“A curva da letra S”

Eu comparo essa vida

À curva da letra S:

Tem uma ponta que sobe,

Tem outra ponta que desce.

E a volta que dá no meio

Nem todo mundo conhece.

(Pinto do Monteiro)

 

A cultura brasileira é composta por uma infinidade de manifestações culturais, dentre as quais pode-se destacar as que são provenientes da cultura oral. Tais manifestações concentram-se principalmente no nordeste brasileiro, mas estão presentes no país como um todo. É importante ressaltar que as manifestações provenientes da cultural oral são conhecidas por boa parte da população brasileira. Muitos indivíduos sabem ou já ouviram um trava-língua, parlenda, causo, um repente, uma música, uma rima, cantiga de roda, uma narração de história etc.

Mas, afinal o que é manifestação cultural? De forma simplificada, Bodart, no texto “Manifestações culturais e patrimônio cultural”, diz que é toda forma de expressão humana, seja através de celebrações e rituais ou de outros suportes como imagens fotográficas e fílmicas. Além disso, Bodart afirma ainda que expressões das culturas humanas também são propagadas através de outras linguagens, como a linguagem escrita e a verbal. Vale salientar que não se objetiva, aqui, traçar, determinar conceitos sobre manifestações culturais, mas discutir a oralidade dentro desse contexto, objetivando a integração desta e de seus protagonistas em espaços consagrados à escrita como a biblioteca.

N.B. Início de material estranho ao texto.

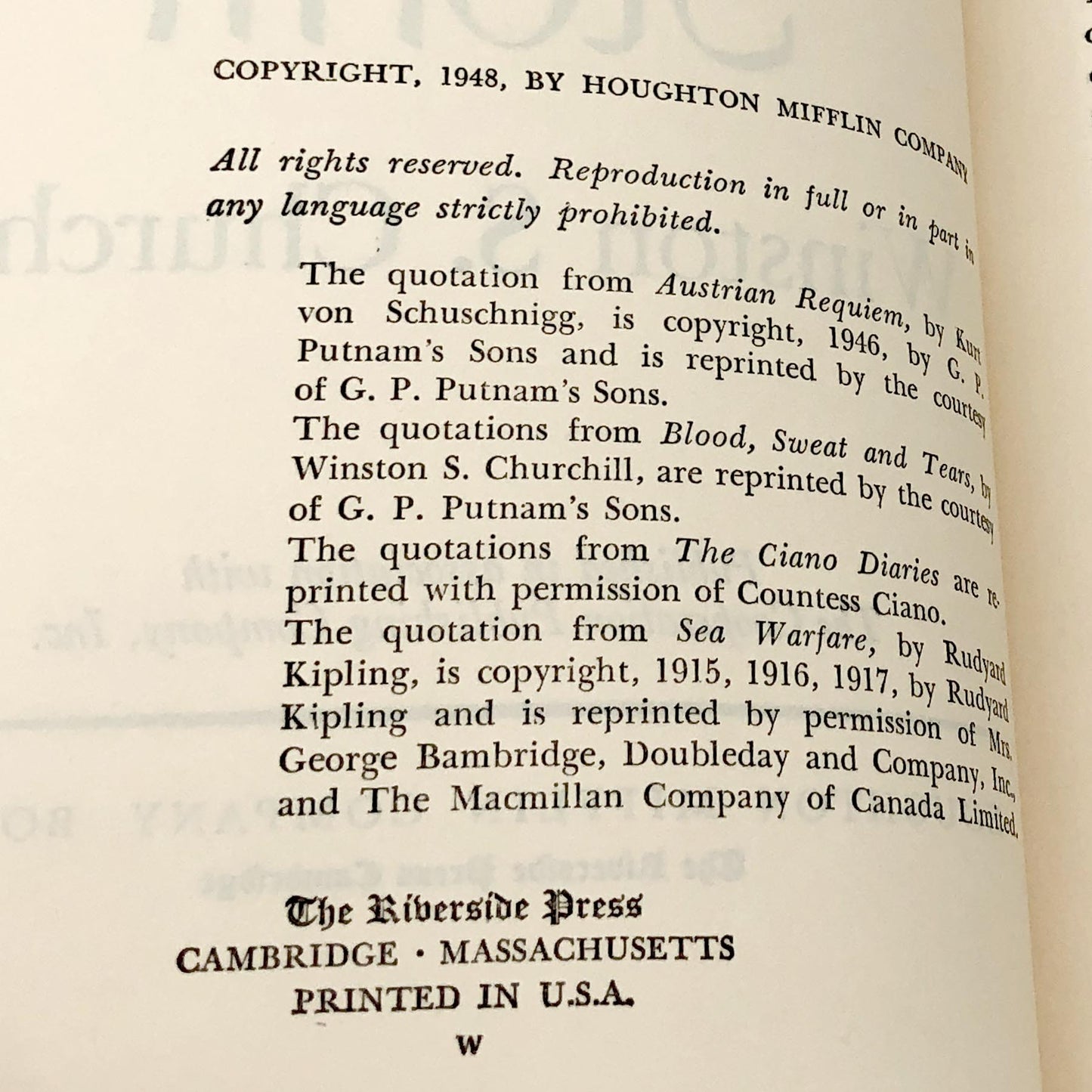 The Gathering Storm by Winston S. Churchill [1948 HARDCOVER] BCE • Houghton Mifflin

Nesse sentido a biblioteca, especialmente a biblioteca pública, na amplitude do seu papel sociocultural, torna-se um dos principais palcos para a expressão da cultura oral, pois conforme Manifesto da Unesco sobre Bibliotecas Públicas (1994), entre algumas das missões dessa biblioteca estão a de “fomentar o diálogo intercultural, favorecer a diversidade cultural e apoiar a tradição oral”. Além disso, é importante destacar que a cultura brasileira, como também a cultura de outros países da América Latina, é marcada por manifestações culturais provenientes da cultura oral, um dos principais legados dos povos indígenas e africanos. Portanto, a introdução de manifestações da cultura oral em ambientes marcados pelo registro gráfico, como a biblioteca, reafirma a complementaridade entre oralidade e escrita, uma vez que ambas ajudam a compor a diversidade cultural brasileira e latino-americana.

Desse modo, a poesia “A curva da letra S”, citada no início deste texto, do poeta e repentista Pinto do Monteiro, um dos principais poetas repentistas do nordeste, é uma ilustração das diversas manifestações culturais da cultura oral. Além do repente, aboios, côco de embolada, literatura oral, cantoria de viola, entre outras, são formas de manifestações que expressam o saber, o conhecimento, a arte, a forma de pensar de um grupo, comunidade, povo, sociedade. São, também, manifestações culturais marcadas pela oralidade, visto que são manifestações provenientes da cultura oral.

Na série “Poetas do repente: tecendo o repente” produzida pela TV Escola e Fundação Joaquim Nabuco etc., o pesquisador e escritor Bráulio Tavares fala que, “o repente existe na maioria das culturas, principalmente nas culturas rurais, nas culturas não literárias, nas culturas que não usam muito a palavra escrita, nas culturas que dependem, principalmente, da comunicação oral, da memória”. Ainda conforme Tavares, […] “no caso do nordeste, principalmente, nós temos uma herança africana muito grande e o africano é um grande improvisador, esse espírito improvisador do africano veio para o nordeste, nós temos ele no maracatu, côco de embolada, temos na cantoria de viola e assim por diante. Então, uma das grandes fontes do repente do nordeste é a África”. O Brasil tem muito da cultura africana, o que ajuda a tecer a diversidade cultural brasileira, especialmente no que diz respeito à cultura oral, conforme Tavares apontou anteriormente.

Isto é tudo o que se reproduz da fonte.